This morning, when I wake, the bed next to me is empty, and I know that she will have walked down towards the camp. I begin pulling on my trousers, ready to follow her, but then I hear a scuffling outside and I realize that it wasn’t the light that had woken me.
The sunlight under the door is cut off and there is the scrape of a boot on our step.
A sharp knocking. Tap, tap, tap.
I freeze, one leg still in my trousers, breath held.
The shadow shifts. A boot creaks. Angus? Is it Angus, looking for me? Is the door locked? Where could I hide? What can I reach?

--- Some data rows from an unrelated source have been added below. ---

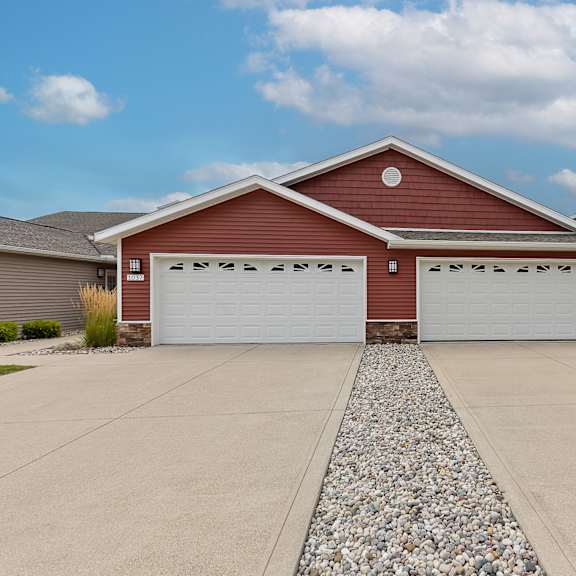 a red house with two white garage doors.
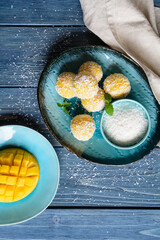 Mango Coconut Ladoo – sweet balls made of mango puree, desiccated coconut and condensed milk
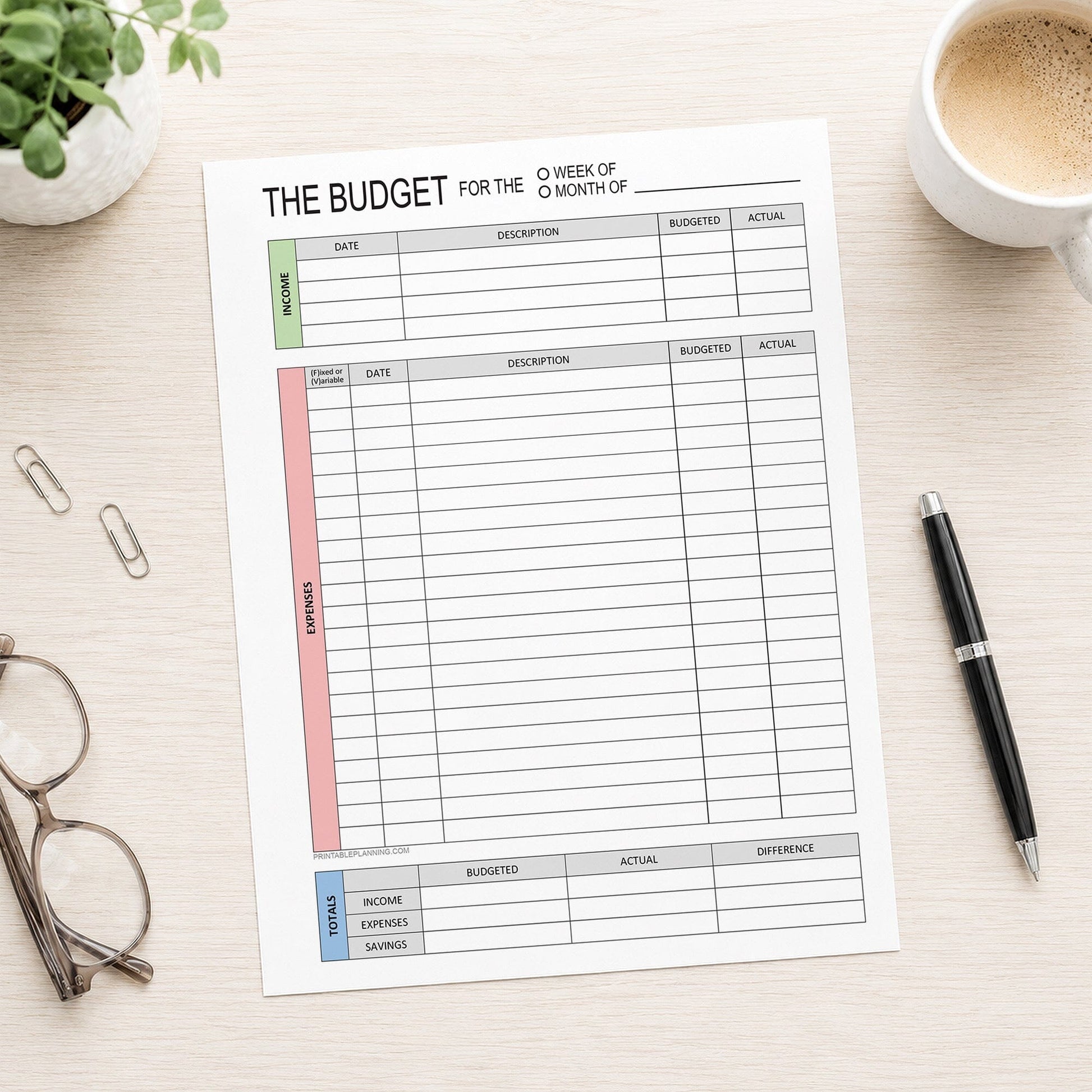A printed page of the Weekly or Monthly Budget Worksheet - Printable Income and Expense Tracker shown on a desk with a plant, glasses, paperclips, coffee, and a pen.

There is a metal poker for the fire, but I don’t know if I will have time –
Tap, tap, tap.
I pull my trousers on, as quietly as possible, then stand very still, my gaze flicking between the metal poker and the shifting shadow under the door.
‘Dorotea!’ calls a voice.
Cesare.
I stand absolutely still, ignoring the clenching panic in my chest. He will leave soon. He must leave. And then I must find Dot and make sure she is safe.
The boot scrapes again on the doorstep. The slash of light reappears, and then is cut off again, and there is a rockslide beneath my ribs as I realize – Oh, God! – that Cesare is kneeling on our doorstep.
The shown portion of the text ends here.